<<<<

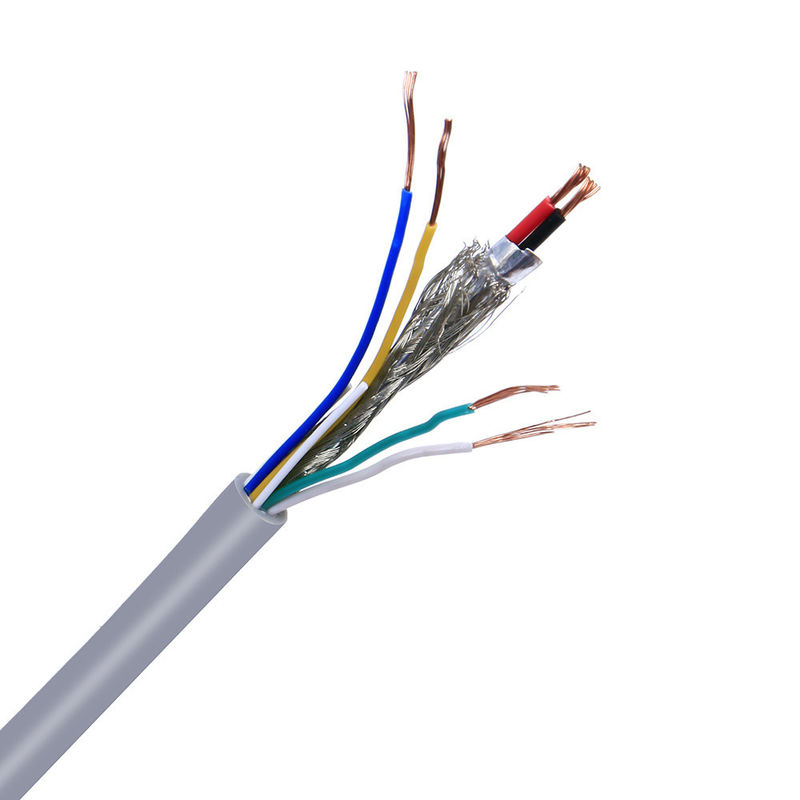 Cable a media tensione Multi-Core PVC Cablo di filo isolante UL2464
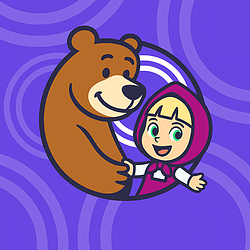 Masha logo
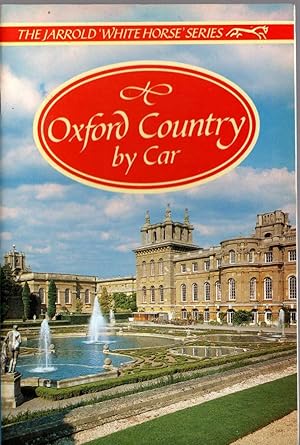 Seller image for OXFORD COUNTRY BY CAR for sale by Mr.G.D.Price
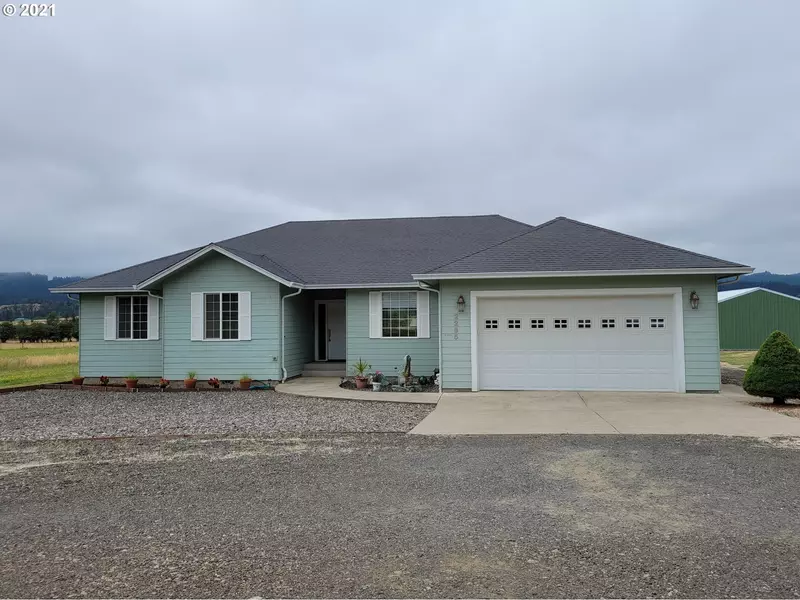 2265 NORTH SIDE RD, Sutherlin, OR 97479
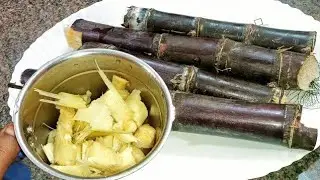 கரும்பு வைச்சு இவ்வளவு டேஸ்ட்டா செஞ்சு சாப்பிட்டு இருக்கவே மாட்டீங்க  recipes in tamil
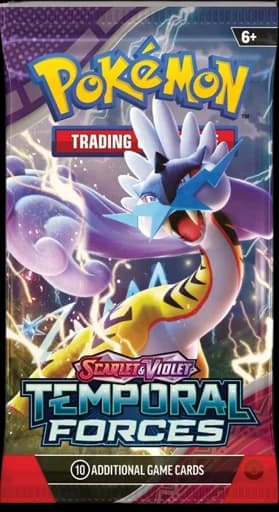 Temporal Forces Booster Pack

>>>>
<<<<

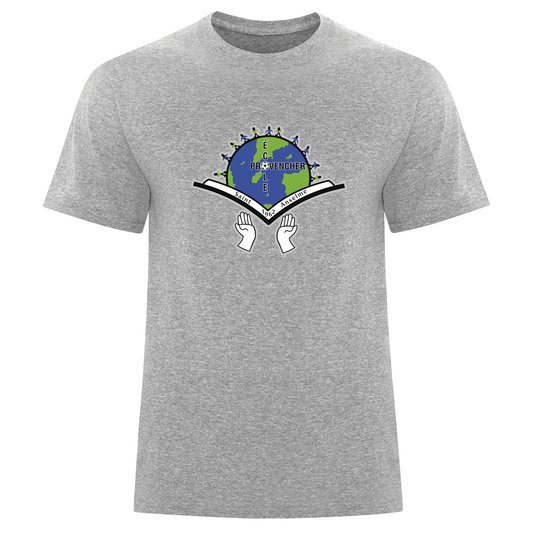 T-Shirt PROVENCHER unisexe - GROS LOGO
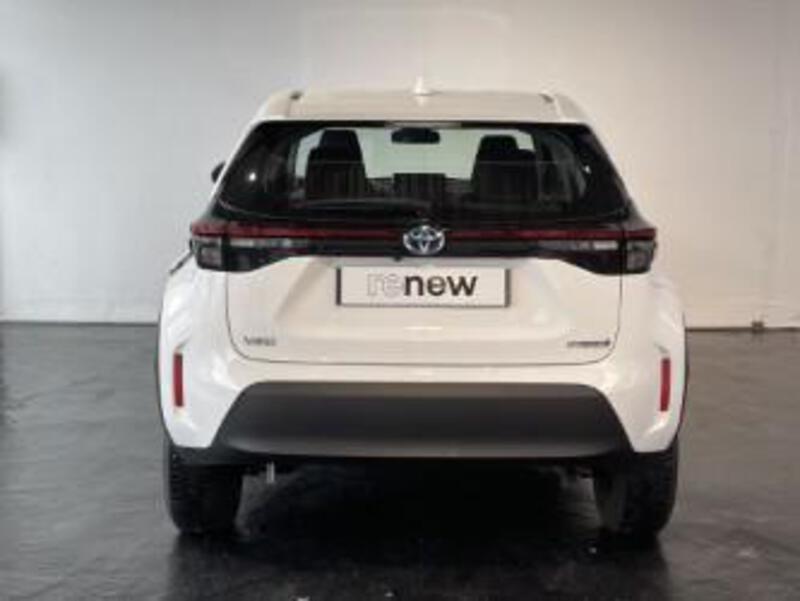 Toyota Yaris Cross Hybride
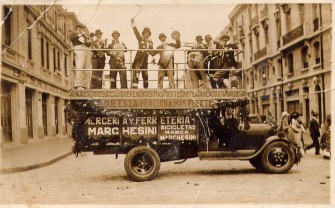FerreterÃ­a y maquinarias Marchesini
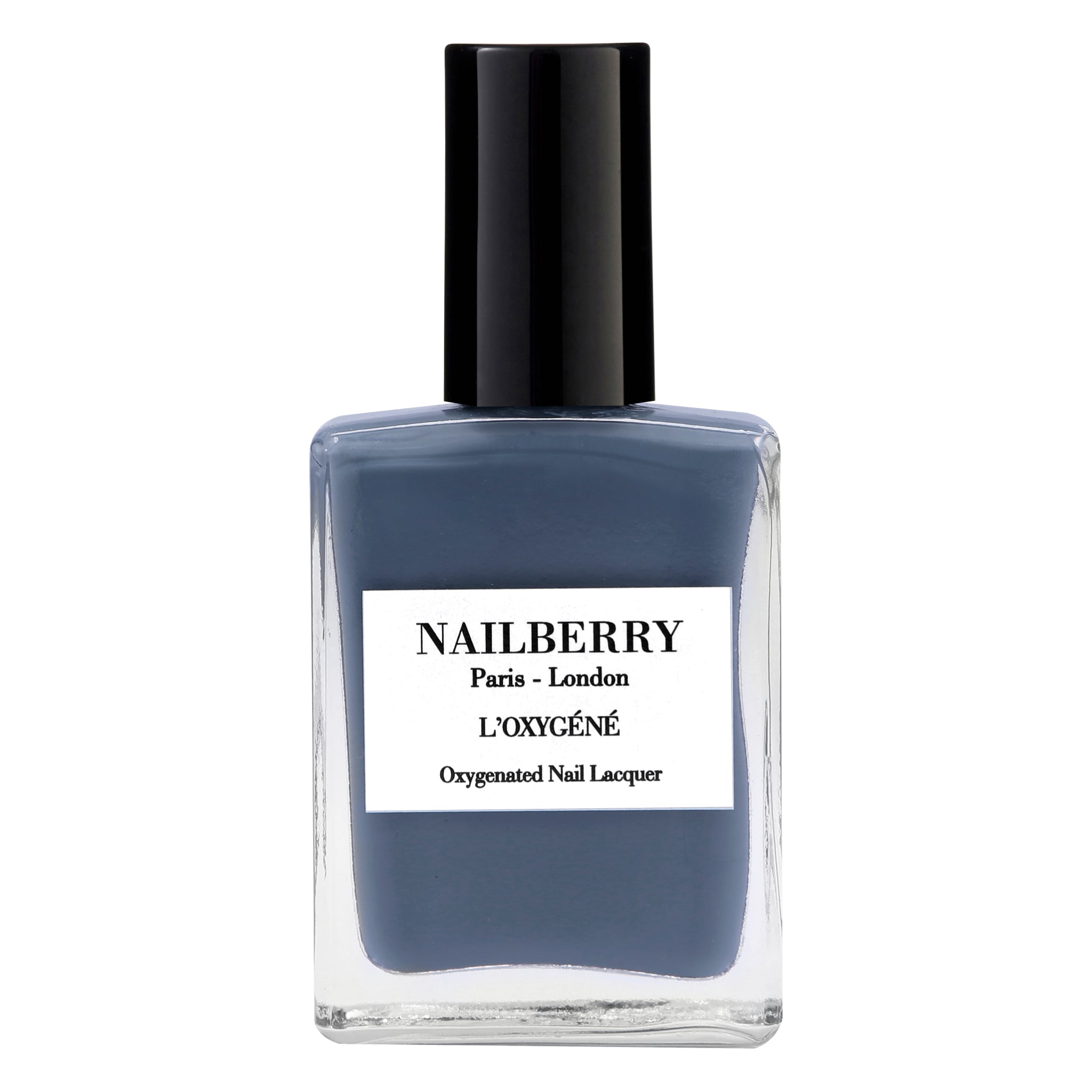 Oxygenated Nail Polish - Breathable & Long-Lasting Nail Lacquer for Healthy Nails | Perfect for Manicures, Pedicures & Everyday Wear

>>>>
<<<<

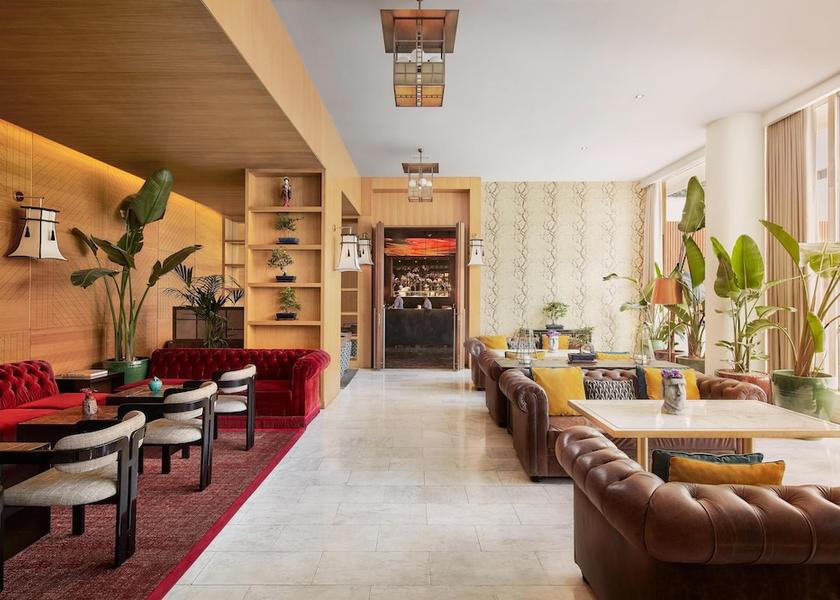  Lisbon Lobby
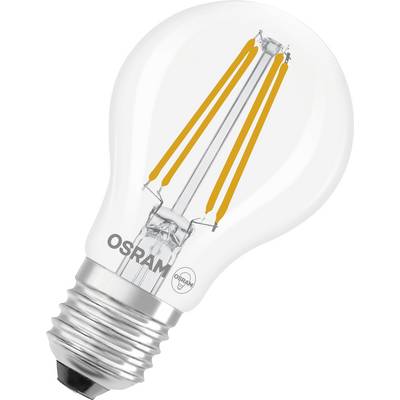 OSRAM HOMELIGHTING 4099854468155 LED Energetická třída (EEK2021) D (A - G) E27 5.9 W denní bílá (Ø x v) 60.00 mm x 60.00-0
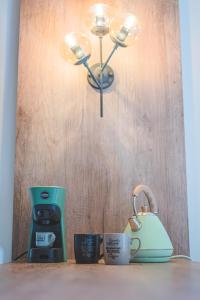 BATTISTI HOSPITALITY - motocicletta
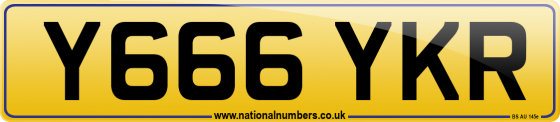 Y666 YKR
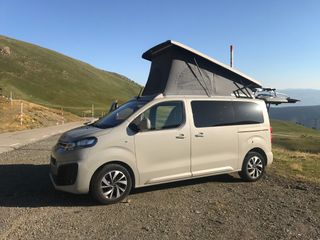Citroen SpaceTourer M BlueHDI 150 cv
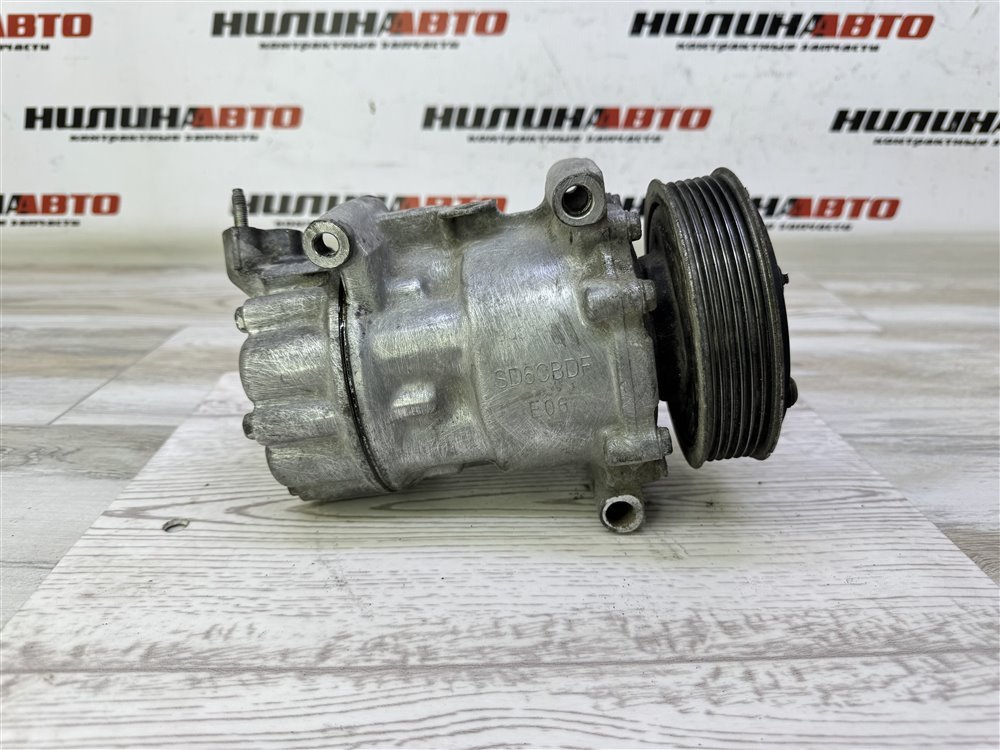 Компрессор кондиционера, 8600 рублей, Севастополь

>>>>

* **TASK ITEM**: From the records above, quote word for word only the lines beginning at the line that has "Cable a media" and stopping after the line that has "Temporal Forces Booster Pack". Omit the pictures.

* **ANSWER SPACE**:
 Cable a media tensione Multi-Core PVC Cablo di filo isolante UL2464
 Masha logo
 Seller image for OXFORD COUNTRY BY CAR for sale by Mr.G.D.Price
 2265 NORTH SIDE RD, Sutherlin, OR 97479
 கரும்பு வைச்சு இவ்வளவு டேஸ்ட்டா செஞ்சு சாப்பிட்டு இருக்கவே மாட்டீங்க  recipes in tamil
 Temporal Forces Booster Pack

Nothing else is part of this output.